Días atrás tuve la oportunidad de leer un artículo inteligente y divertido de la autoría de Eugenio Yáñez, en el cual, basado en las edades de los más altos representantes del gobierno, el autor cuestiona la “juventud” proclamada por Castro II en su reciente discurso por el aniversario 60 del asalto al Moncada. Casi al cierre del mencionado artículo, Yáñez lanza una sentencia acertada en referencia a la gerontocracia verde olivo que todavía detenta el poder en Cuba: “Mejor que en vez de intentar deformar la realidad dejaran paso a las nuevas generaciones, que lo harán mejor, porque es imposible hacerlo peor”.
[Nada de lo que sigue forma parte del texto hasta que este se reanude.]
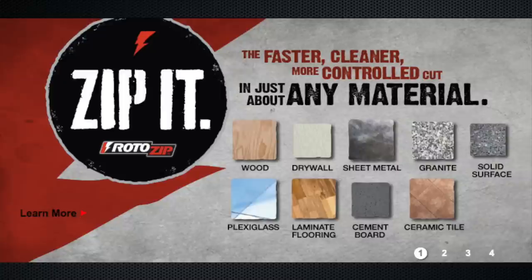This episode of Tools in Action is brought to you by Roto-Zip and the Roto-Saw Plus. Go to rotozip.com to check out more information and click the link in the description below — it'll take you right to the website.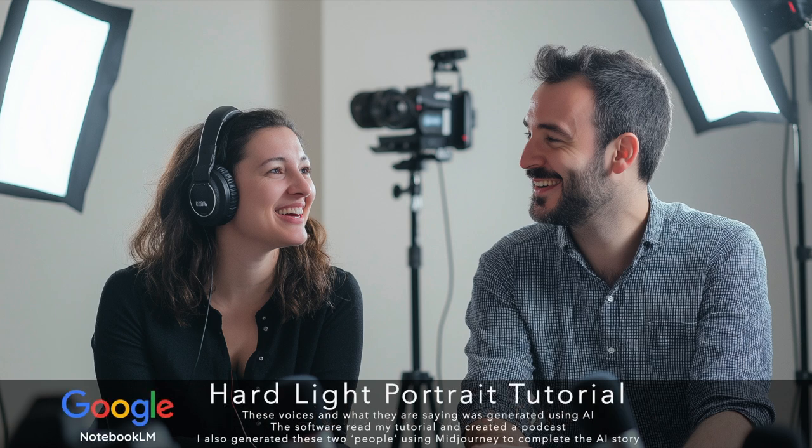Before wrapping up, Sam emphasizes photography as a journey of continuous learning. He says that one of the most rewarding aspects of being a photographer is that there's always something new to discover — a new technique to master. It's not about reaching some arbitrary level of perfection; it's about embracing the process, pushing yourself creatively, and never being afraid to experiment. To summarize: hard light is your friend.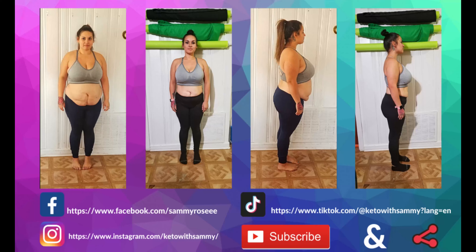Question of the day: are you ready for some keto holiday recipes? Comment down below! Just a side note — if you plan on buying these cereals and marshmallows, I'd greatly appreciate it if you click the links in my description below, it helps my channel keep growing. That concludes today's video on keto rice krispies. I hope y'all give this easy recipe a try. If you enjoyed it, please give this video a thumbs up, don't forget to subscribe for more awesome keto recipes, and I'll see y'all in the next video.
La formulación del caso, tan sencilla como certera, lleva mi memoria a un debate entre varios amigos en el cual participé hace un par de años, donde el centro de la discusión era el tema de quién o quiénes eran los actores políticos alternativos entre los que podría considerarse a alguien presidenciable para una Cuba en transición. En aquella ocasión hubo análisis interesantísimos en torno a figuras y programas de la oposición de las más disímiles orientaciones y posiciones, incluyendo todo el espectro disidente desde finales de los años 80’ del pasado siglo hasta hoy. Las opiniones de los polemistas, por supuesto, también eran también variadas y por momentos apasionadas.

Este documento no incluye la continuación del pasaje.